Quick, name the No. 2 best-selling car in America last year. Difficult, isn’t it?
I, for one, did not realize the Nissan Altima was the second-best selling car in the U.S. in 2011, nor have I really given it much thought (or digital ink) save for the coupe we took to New Orleans a couple of years ago.
Altima has been on sale here in the states for two decades now and for 2013 Nissan has decided to lean a little heavier towards revolutionary (as opposed to evolutionary) for what will be the fifth-generation of the car.
Granted, they have not re-invented the wheel, but they have re-invented the Altima to a class-leading midsize sedan offering champagne content on a beer budget.
Right away you will not recognize the 2013 as an Altima – more like a redesigned Maxima in my books. Up front it screams “Samurai” while the label reads “Made in the U.S.A.” – via Tennessee and Mississippi.
Obviously the bold new styling stands out aesthetically but what will get many even more excited is that the new model can reach 38 mpg on the highway from a dimensionally larger car.
The new Altima is longer, wider, and lighter. Nissan benchmarked the BMW 3-Series and the C-Class from Mercedes for this new model as they sought to deliver a “class-above” midsize sedan.
Underneath the hood we still find a choice of 2.5-liter four- or 3.5-liter six-cylinder engine but each has been improved for the new Altima.

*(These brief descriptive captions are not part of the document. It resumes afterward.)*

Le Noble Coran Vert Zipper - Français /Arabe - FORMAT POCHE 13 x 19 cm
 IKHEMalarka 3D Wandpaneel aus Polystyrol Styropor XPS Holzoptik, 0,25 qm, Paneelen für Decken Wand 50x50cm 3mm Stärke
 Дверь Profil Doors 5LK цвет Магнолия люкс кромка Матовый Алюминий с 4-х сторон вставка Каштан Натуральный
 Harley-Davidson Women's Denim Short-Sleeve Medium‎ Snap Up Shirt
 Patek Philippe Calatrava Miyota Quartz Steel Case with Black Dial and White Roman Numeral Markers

The biggest news in the powertrain story though is the next-generation CVT gearbox developed for the Altima that features 70 percent new parts and has 40 percent less friction along with an expanded gear ratio making for a much more enjoyable driving experience while also contributing to the improved fuel economy.
The news for Altima does not end with the opening of a car door. Inside one finds a cavernous environment complete with all of the newest features and technology. The dash panel has gone high-tech with its four-inch display monitor nestled between the speedo and tach and at the rear is the world’s first integrated rearview camera with cleansing system that not only provides images while backing but serves as the sensor for Altima’s new blind spot warning, lane departure, and moving object detection systems.
Also debuting on the 2013 Altima is Nissan’s new Easy Fill Tire Alert system that senses when a low tire is being aired up by flashing the hazard lights and honks the car horn once when proper pressure is reached. Should the operator add too much air the system will alert you by honking several times.
All those things are good and fine, and necessary to stay at the top of one’s game but it still comes down to price and likeability.
Pricing for the 2013 Altima will start at $21,500 for a base 2.5 model with the V-6s beginning at $25,360. Ordering one “all the way” will run in the neighborhood of 32-33 grand.
So it comes down to likeability, and there is plenty to like in this new Altima. Nissan expects 90 percent of us to like the four-cylinder over the six and men and women liking it about evenly.
On the road, the car is very smooth and quiet providing a very solid and reliable feel. It is easy to operate and easy to maneuver and watching the fuel gauge barely move during our time behind the wheel is an added benefit.
Despite the midsize sedan segment being ever-so-crowded these days, Nissan should have no problem with segment superiority as they just made life suck a little for the competition.